DATASET ENTRIES:
== Segment start ==

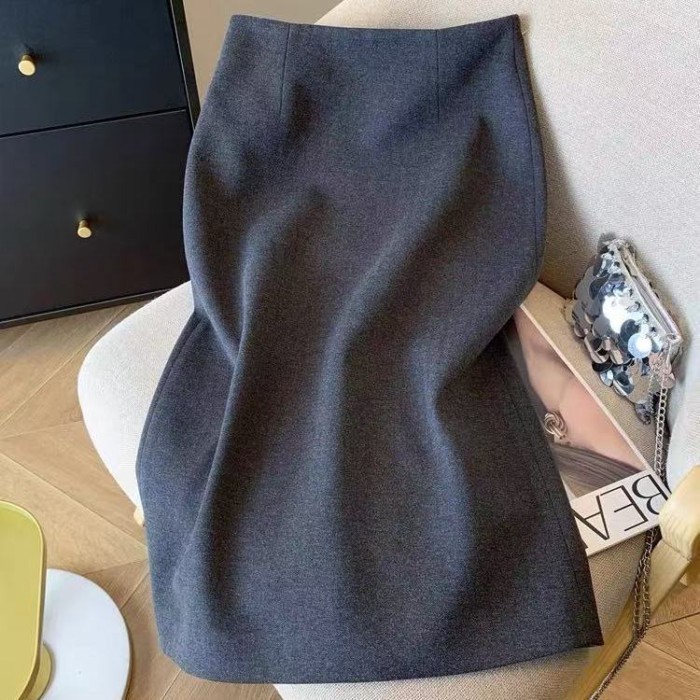 Phong cách Pháp nhẹ nhàng và tinh tế váy xám trí tuệ đi làm váy len thẳng xẻ lưng cao | BigBuy360 - bigbuy360.vn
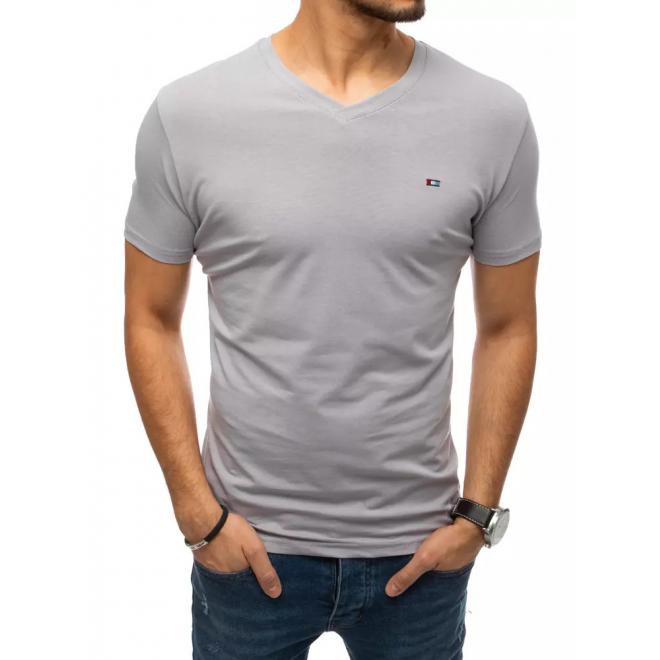 Světle šedé módní tričko s véčkovým výstřihem pro pány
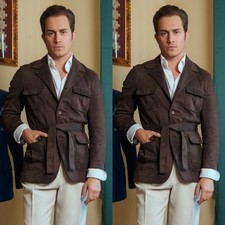 Men's Safari Jackets With Belt Multi Pockets Outdoor Wear Suede Hunting Coats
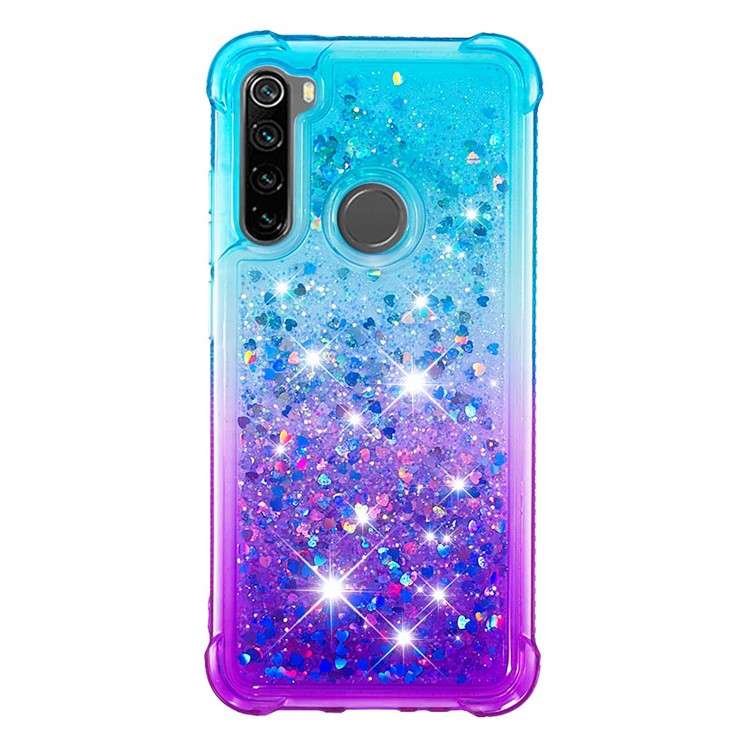 Gradient Glitter Powder Quicksand Phone Case for Xiaomi Redmi Note 8 - Baby Blue / Purple-2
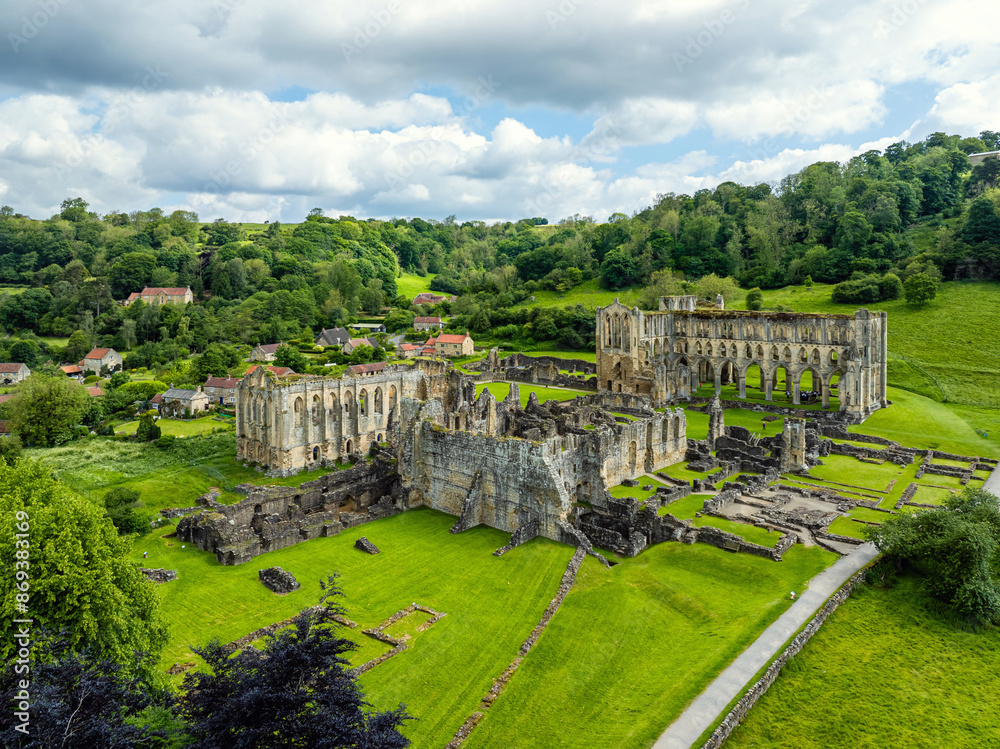 Rievaulx Abbey from a drone, North York Moors National Park, North Yorkshire, England Rievaulx Abbey from a drone, North York Moors National Park, North Yorkshire, England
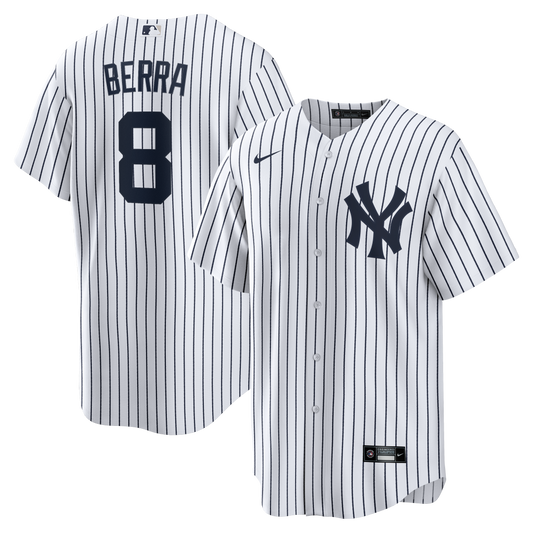 Yogi Berra New York Yankees Home Retired Player Replica Jersey - White | Stitched Baseball Jersey TJS0819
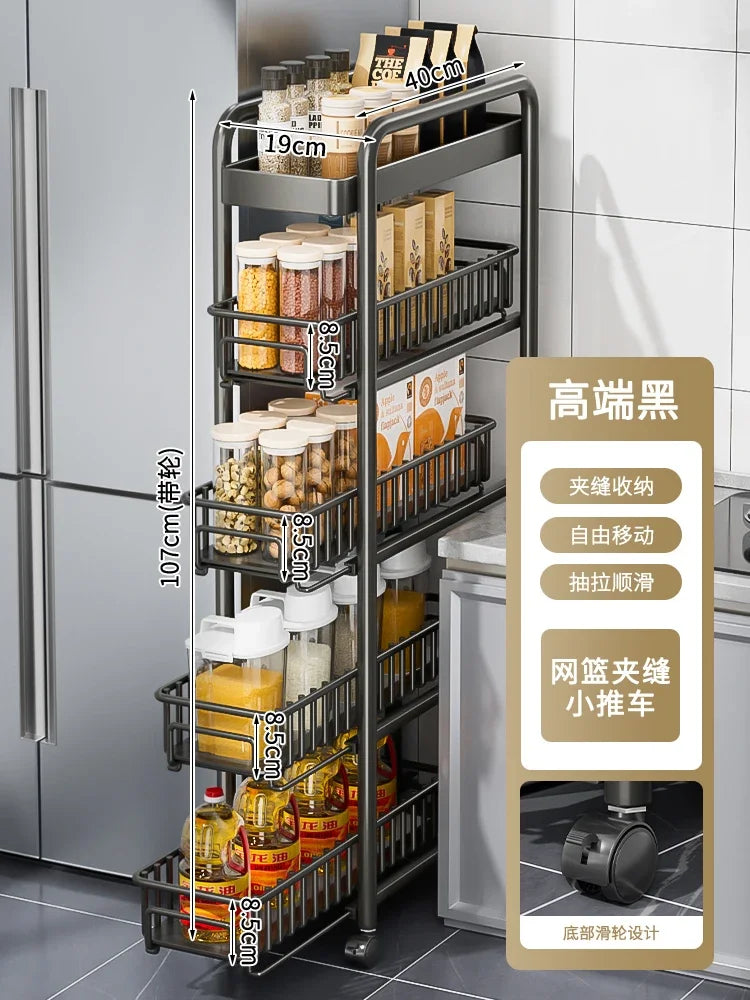 Side of Refrigerator Storage Rack Ultra Narrow Pull-out Seasoning Rack Multifunctional Bathroom Shelf with Pulley Kitchen Cart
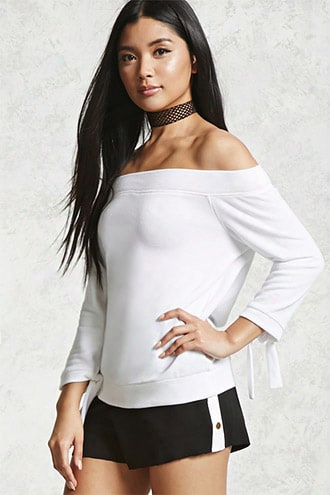 Off-the-shoulder Tie-sleeve Top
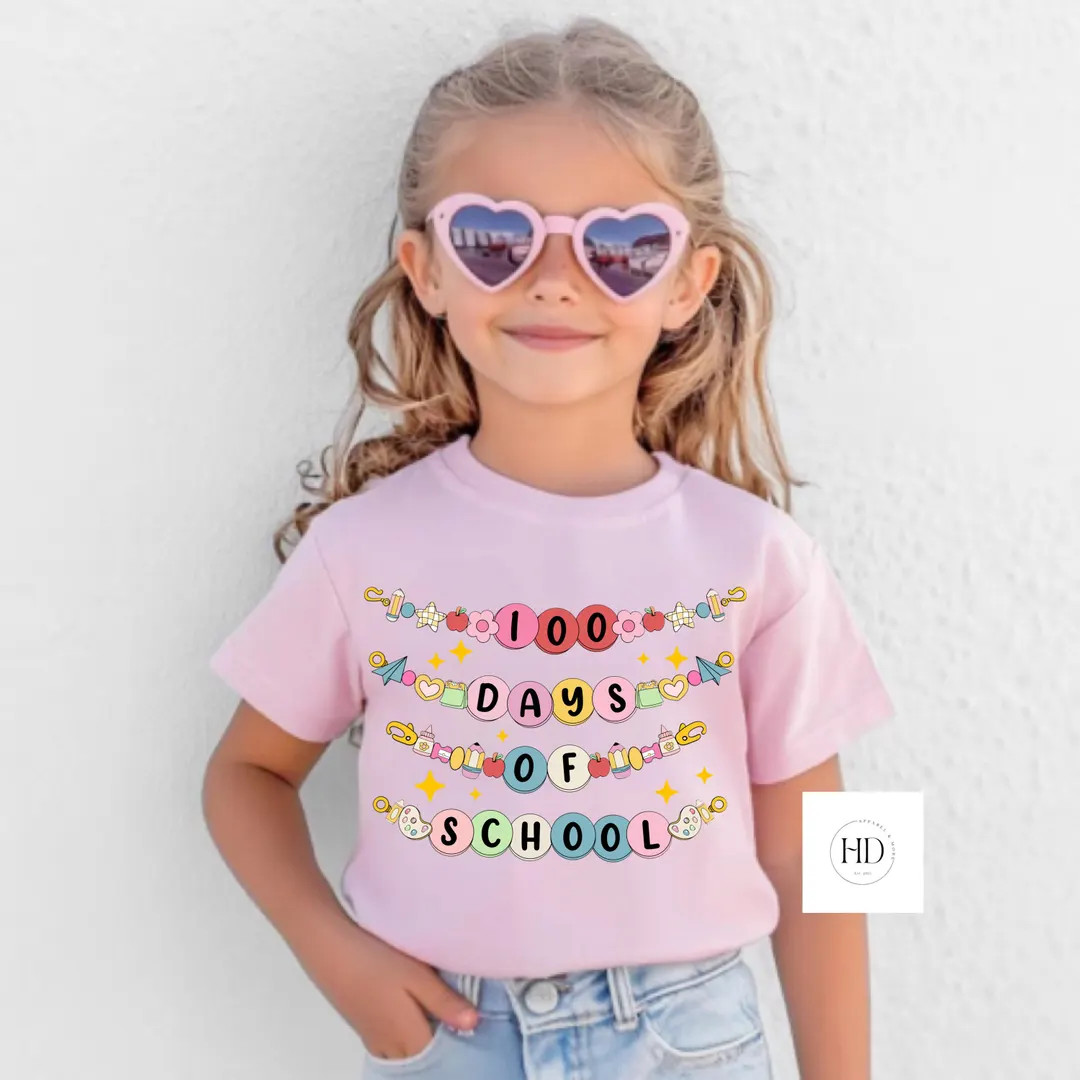 Kids Girls 100 Days of School 2025 Friendship Bracelet Tee Youth Tees 100 Days 2025 School Tees G... | Etsy (US)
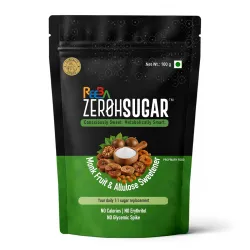 Zeroh Sugar Monk Fruit & Allulose Sweetener | 1:1 Sugar Replacement | No Erythritol | No Stevia | Clinically Evaluated for Glycemic Response | Zero Calorie Sweetener | Natural Sugar Substitu...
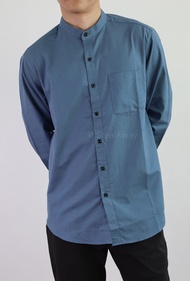 เสื้อเชิ้ตคอจีนแขนยาวสีฟ้าทะเล   ผ้า Oxford มีไซส์ใหญ่ (อก 40-51)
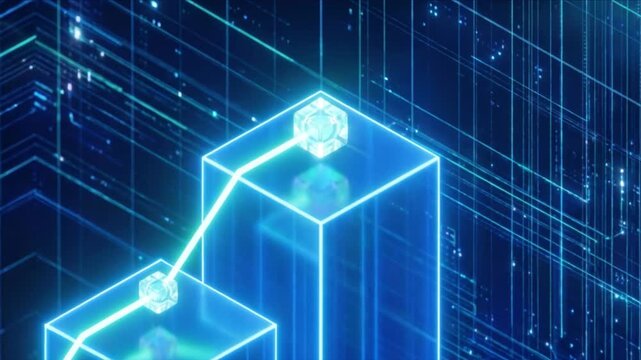 サイバー空間で成長し頂点に達する3D棒グラフと折れ線グラフの映像
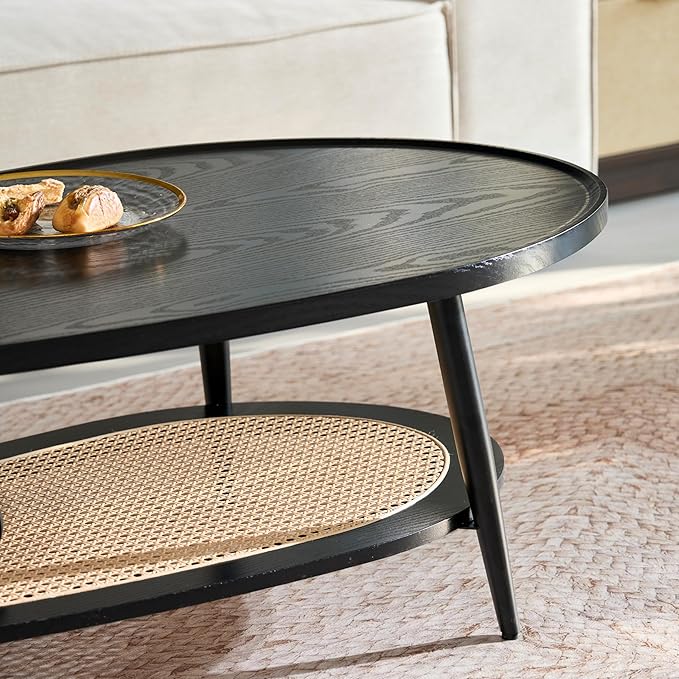 Saint Mossi Oval Wood and Rattan Coffee Table for Living Room, Mid-Century Modern Wood Coffee Table, Center Table for Small Space, Black and Rattan Board, D47xW23.6xH15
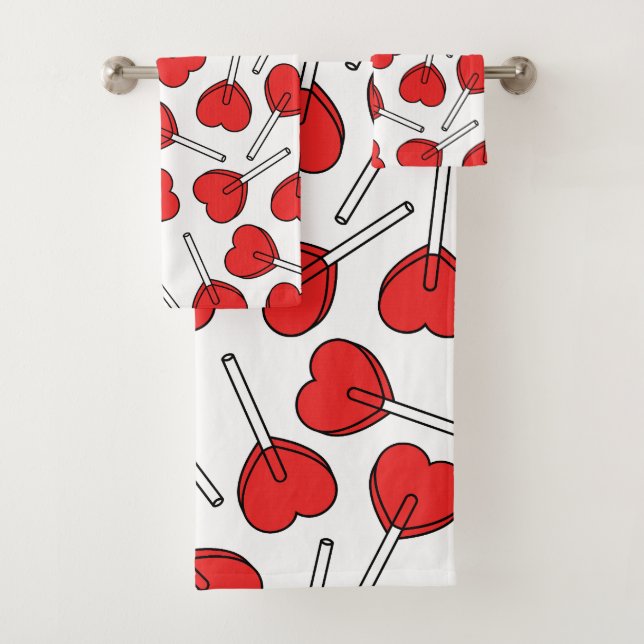 Red Lollipops, Heart Lollipops, Lollipop Pattern Bath Towel Set (Insitu)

== Segment end ==

ACTIVITY:
Copy exactly the lines that run from the line containing "サイバー空間で成長し頂点に達する3D棒グラフと折れ線グラフの映像" to the end of the data, keeping both end lines and dropping every picture.

SOLUTION FOR THIS PROBLEM:
 サイバー空間で成長し頂点に達する3D棒グラフと折れ線グラフの映像
 Saint Mossi Oval Wood and Rattan Coffee Table for Living Room, Mid-Century Modern Wood Coffee Table, Center Table for Small Space, Black and Rattan Board, D47xW23.6xH15
 Red Lollipops, Heart Lollipops, Lollipop Pattern Bath Towel Set (Insitu)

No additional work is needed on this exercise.